Lei non accennava a muoversi ed io non avevo la minima intenzione di forzarla. Rimanemmo così a fissarci per un po', incastrati sull'uscio dell'ascensore, quella era la cosa più vicina ad un abbraccio, l'unico vero punto di contatto che ci saremmo potuti concedere in quell'occasione.
Finalmente, dopo un tempo che sembrò infinito, i suoi occhi si illuminarono e si concesse di ridere. Quel suono, quella luce... Quanto mi erano mancati.
Decisi di approfittare di quel momento. Ero sulla strada giusta, non potevo permettermi di lasciarmelo scivolare tra le dita.
-Ho la capacità di farti cadere sempre ai miei piedi- la presi in giro -stavolta almeno sono arrivato in tempo-
Lei annuì, senza smettere di sorridere.
-Anche questo sarà un segno del destino- continuai -lo prendiamo come un nuovo inizio?-
-Tu e le tue strane idee sul destino- fu il suo turno di giocare con me.
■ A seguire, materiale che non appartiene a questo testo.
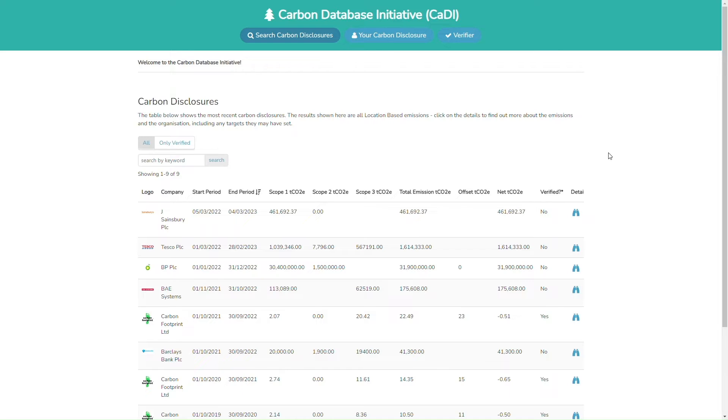The Carbon Database Initiative, or CADI, is the new global free-to-use, free-to-disclose database from Carbon Footprint.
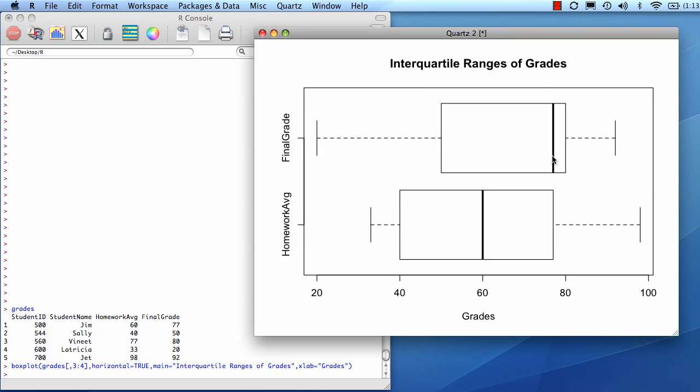So this is the median. This here represents essentially halfway between the median and the lowest value. And similarly, this is representing the third quartile.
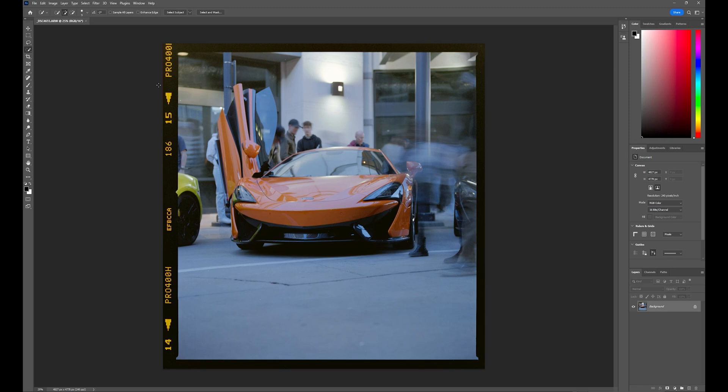In this video, I'll be showing you how I dust film scans, so let's get into it.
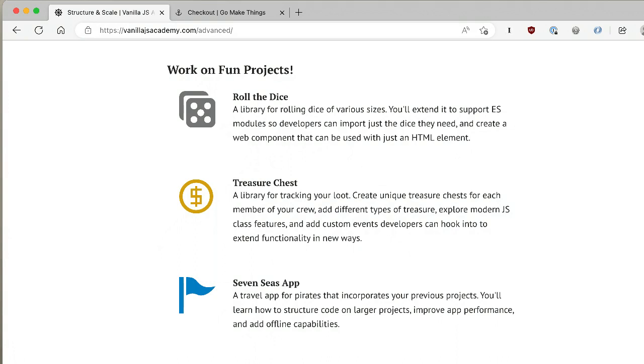Structure and Scale is designed for a slightly more intermediate developer and focuses on how to structure and organize your code as your projects get bigger. Once you get past just putting stuff in the UI, your code gets bigger and bigger and keeping it organized and efficient becomes a lot harder. We cover things like how to create libraries you can repurpose across projects, how to work with native web components, JavaScript classes, breaking your code into smaller parts with ES modules, and how to write code that can scale and work offline using service workers.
Io le sorrisi, avevo davvero bisogno di un momento come quello.
La aiutai a rialzarsi e, senza pensarci su, le presi la mano, stringendola nella mia.
Non le chiesi il permesso, non ne avevo più bisogno.
Mossi lentamente il pollice sul suo dorso senza un vero motivo, volevo solo che mi sentisse forte impresso sulla sua pelle.
Rientrammo entrambi in ascensore e cominciammo la discesa.
Ancora una volta avvolti dal silenzio.
Un silenzio colmo di parole non dette, di sguardi, di scariche elettriche.
Un silenzio carico di sorrisi, quelli che entrambi portavamo impressi in volto.